So what’s the outlook on the pathway for central banks from here? Well, Tagliaferro believes that there is some hope that inflation will come down rapidly at some point.
“Obviously, the oil price isn’t going to double again… And the supply chain disruptions may sort themselves out. So there are signs that some parts of what’s caused high inflation are coming off,” he said.
“But on the other hand, we potentially have an issue with wages. While unemployment is low and the cost of living has gone up so much in various parts of the world, people are going to rightly want more wages, which in itself is inflationary.”
In addition, it doesn’t help that the Australian dollar has fallen rapidly in recent months and that we import most of our goods. Meaning, we are likely going to suffer through higher prices in the next few months.
“I think there is still a bit of water to go under the bridge,” Tagliaferro said.
“When you look at how equity markets have reacted in the last few weeks, I think they’re already assuming that inflation’s going to come off and that rates won’t have to go too high, and at some point, they’re going to start coming down.
“There is a risk to that scenario. Inflation could prove to be a bit more sticky, and wages growth could come through. And in Australia, we have the additional problem of the lower dollar causing price rises. Inflation may be a lot stickier than what central banks are assuming.”
Simon Conn and Anton Tagliaferro on day dot of IML.
Where Anton Tagliaferro is seeing value (and spoiler alert: it’s still not tech)
While 2022 has been a notable year for a slew of reasons, the one thing that certainly will remain in investors’ minds is this – it’s been a good year for energy and a very, very bad year for tech.
Since the beginning of the year, the S&P/ASX All Tech Index has fallen 33%. Energy, on the other hand, is up a whopping 46%. But even that derating in tech is not enough to lure in a seasoned value investor like Tagliaferro.

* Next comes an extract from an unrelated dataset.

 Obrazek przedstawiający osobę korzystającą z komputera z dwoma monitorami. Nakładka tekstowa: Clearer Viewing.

“If you look at the Australian tech sector, there aren’t many good quality companies, to be honest,” he said.
“Their valuations are still relatively high. We’re seeing a few takeovers in Australia of some tech companies, which is probably a good sign, but I’d still be cautious of the tech sector here in Australia.”

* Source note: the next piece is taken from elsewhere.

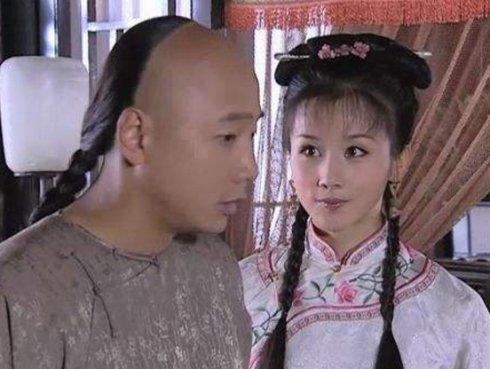 片场|她演《李卫当官》红极一时,因片场被打而淡出娱乐圈,如今成这样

In the US, on the other hand, household names like Facebook/Meta Platforms (NASDAQ: META) and Alphabet/Google (NASDAQ: GOOGL) are extremely profitable and have come down 40-70%.

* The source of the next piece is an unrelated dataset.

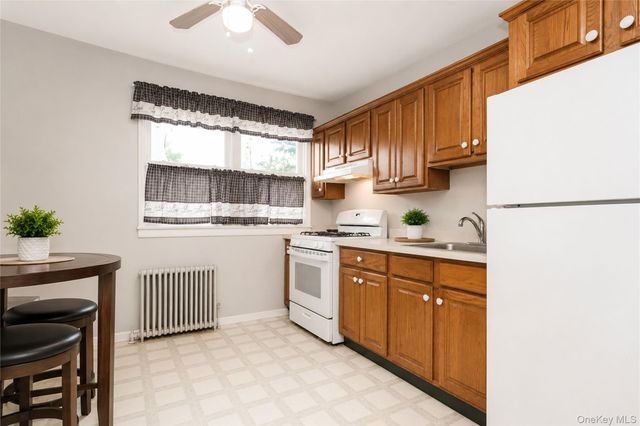 76 Dongan Avenue, Staten Island, NY 10314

“These are extremely valuable global brand names generating huge cash flows with cash on balance sheets,” Tagliaferro said.
“Some of those are probably beginning to look interesting from a long-term point of view.”
So there’s not a single quality tech company in Australia? I asked (somewhat desperately). Well, Tagliaferro concedes that IML does own “a few”. He points to Infomedia (ASX: IFM) as his pick of the bunch but reiterates that Australia continues to come up short compared to the US.
So if not tech, where is Tagliaferro finding value? Well, with the recent rally (bear market bounce or not), it’s become more difficult to uncover the gems, he said. But Aurizon Holdings (ASX: AZJ) continues to impress.
“It has very stable revenues. Okay, coal is a bit on the nose in Australia. The rest of the world seems very happy to consume our coal … But Aurizon has long-term contracts,” he said.
“Obviously, the coal sector’s doing very well, so its customers are doing very well, which helps when you’re negotiating prices. And Aurizon has a very good management team.”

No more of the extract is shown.